Hi Lady Blue
I'm so sorry for your loss. There is something unbelievably painful about losing a beloved pet. I'm not exactly sure what makes it so, maybe their innocence, trust and utter dependence on us for survival. But it is unique.
I had to put my dog down in March. What made it even worse was I had to do it because of behavioral issues, not health issues. It was years in the making. He was also my late husbands dog....sigh. Words can't describe the pain, guilt. I have never, ever cried like that before. Ever. Over anything.
I believe part of my alcoholic personality is to awfulize. To beat myself up. To question my decisions. To play bad experiences over and over in an effort to find a way to work drinking into the equation.

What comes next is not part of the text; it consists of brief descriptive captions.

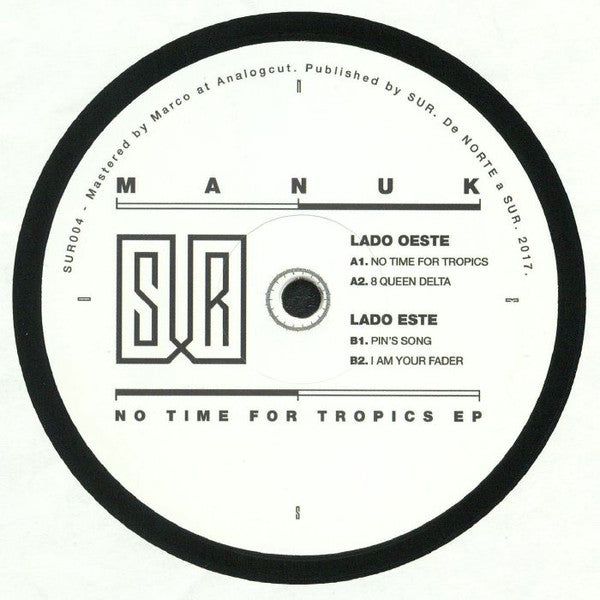 Manuk : No Time For Tropics  (12", EP)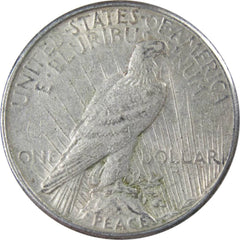 1923 S Peace Dollar VF Very Fine 90% Silver $1 US Coin Collectible-2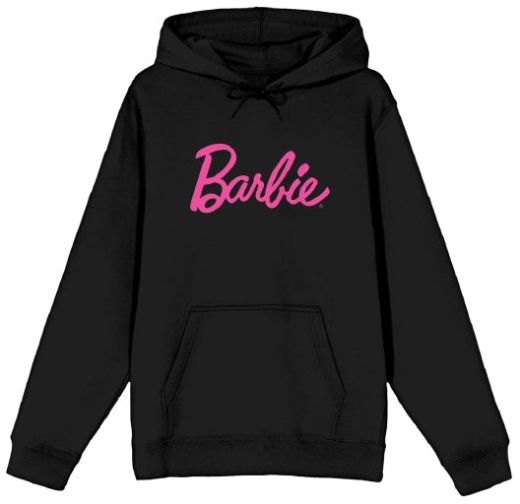 BARBIE - Core Logo Mens Black Hoodie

Through this experience I had to learn not to do this. I had to forgive myself. Show compassion for myself and realize I had an impossible decision to make and I had to make it alone. It was a learning experience because normally I would find a way to beat myself bloody over it.
Now when my mind tries to revisit the event in any way that brings up pain, guilt and sadness I stop myself. Remind myself I did something that had to be done. That he didn't suffer. And that he is reunited with my husband in a better place. And then I remember how much I loved him.
You made the difficult, 'right' decision. RIP Waffles. I'll light a candle for your sweet kitty.